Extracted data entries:
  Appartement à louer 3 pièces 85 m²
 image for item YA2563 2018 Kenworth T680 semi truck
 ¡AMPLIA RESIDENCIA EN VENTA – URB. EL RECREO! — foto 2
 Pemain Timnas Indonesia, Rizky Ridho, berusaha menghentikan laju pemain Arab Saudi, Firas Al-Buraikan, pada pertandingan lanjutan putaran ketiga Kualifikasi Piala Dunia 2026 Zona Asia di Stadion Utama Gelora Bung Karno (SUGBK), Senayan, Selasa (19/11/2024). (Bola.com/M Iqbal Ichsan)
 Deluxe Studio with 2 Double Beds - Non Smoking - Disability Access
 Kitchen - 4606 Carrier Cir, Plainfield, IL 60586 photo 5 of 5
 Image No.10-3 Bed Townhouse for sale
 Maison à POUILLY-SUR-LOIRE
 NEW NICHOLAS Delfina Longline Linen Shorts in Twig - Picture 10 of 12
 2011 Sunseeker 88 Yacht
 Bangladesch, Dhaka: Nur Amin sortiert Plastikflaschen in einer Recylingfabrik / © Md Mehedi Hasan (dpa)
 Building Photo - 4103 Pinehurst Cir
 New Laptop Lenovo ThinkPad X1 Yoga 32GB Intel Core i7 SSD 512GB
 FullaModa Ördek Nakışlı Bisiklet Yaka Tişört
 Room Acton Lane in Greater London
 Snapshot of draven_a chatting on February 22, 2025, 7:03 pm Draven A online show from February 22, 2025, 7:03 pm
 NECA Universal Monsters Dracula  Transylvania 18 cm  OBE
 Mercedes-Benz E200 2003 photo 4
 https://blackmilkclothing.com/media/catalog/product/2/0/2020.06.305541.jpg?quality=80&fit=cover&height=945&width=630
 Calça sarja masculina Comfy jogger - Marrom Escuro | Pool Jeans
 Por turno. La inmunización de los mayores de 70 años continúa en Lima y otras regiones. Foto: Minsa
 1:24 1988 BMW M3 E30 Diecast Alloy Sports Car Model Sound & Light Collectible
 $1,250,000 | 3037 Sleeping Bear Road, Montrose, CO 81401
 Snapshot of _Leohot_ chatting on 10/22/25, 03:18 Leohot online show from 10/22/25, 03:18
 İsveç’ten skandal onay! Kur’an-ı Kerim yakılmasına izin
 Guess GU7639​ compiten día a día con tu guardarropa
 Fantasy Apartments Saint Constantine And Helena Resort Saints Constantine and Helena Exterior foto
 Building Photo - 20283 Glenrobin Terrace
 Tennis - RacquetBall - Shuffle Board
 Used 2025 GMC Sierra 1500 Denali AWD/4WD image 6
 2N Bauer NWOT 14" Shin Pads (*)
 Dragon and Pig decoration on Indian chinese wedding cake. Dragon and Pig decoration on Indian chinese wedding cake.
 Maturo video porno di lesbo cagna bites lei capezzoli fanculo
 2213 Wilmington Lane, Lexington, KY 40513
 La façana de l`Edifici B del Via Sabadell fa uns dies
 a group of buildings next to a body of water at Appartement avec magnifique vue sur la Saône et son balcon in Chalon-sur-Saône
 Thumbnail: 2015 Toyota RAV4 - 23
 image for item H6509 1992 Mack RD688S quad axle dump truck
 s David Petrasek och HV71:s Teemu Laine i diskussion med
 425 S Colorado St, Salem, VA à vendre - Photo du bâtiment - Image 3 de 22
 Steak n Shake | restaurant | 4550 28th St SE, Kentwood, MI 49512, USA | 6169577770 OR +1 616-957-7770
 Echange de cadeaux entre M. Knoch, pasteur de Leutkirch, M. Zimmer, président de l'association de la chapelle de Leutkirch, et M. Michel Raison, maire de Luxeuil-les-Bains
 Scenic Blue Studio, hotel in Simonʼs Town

### Exercise description:
From the records above, pull every line that carries the word "item".

### Answer box:
 image for item YA2563 2018 Kenworth T680 semi truck
 image for item H6509 1992 Mack RD688S quad axle dump truck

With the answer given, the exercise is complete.